* [YOUR OBJECTIVE]: Each line, starting at the one with "Publicity photo - Stargate - season 1" and running to the end of the data below, is to be set down again exactly, both ends included; leave pictures out.
Start of SOURCE INFORMATION
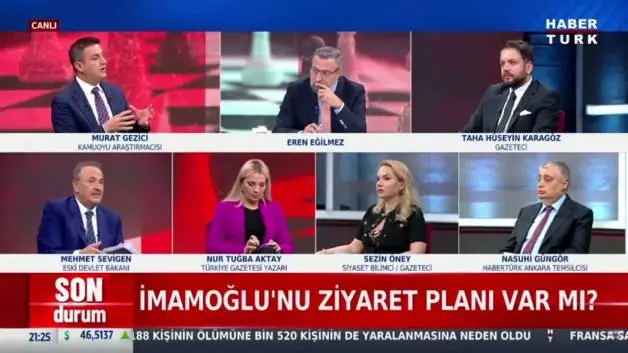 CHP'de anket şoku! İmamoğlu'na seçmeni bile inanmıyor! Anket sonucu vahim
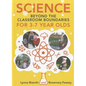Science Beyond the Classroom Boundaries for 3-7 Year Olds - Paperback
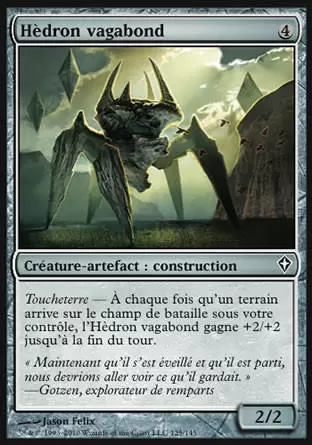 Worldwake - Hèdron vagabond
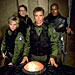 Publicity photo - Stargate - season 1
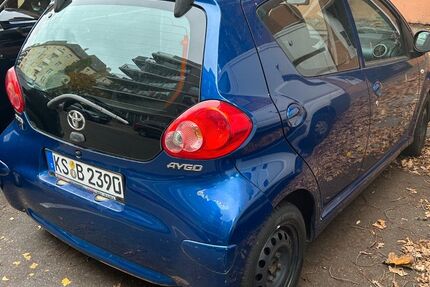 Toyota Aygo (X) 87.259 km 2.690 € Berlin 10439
End of SOURCE INFORMATION
* [RESPONSE TO THE EXERCISE]:
 Publicity photo - Stargate - season 1
 Toyota Aygo (X) 87.259 km 2.690 € Berlin 10439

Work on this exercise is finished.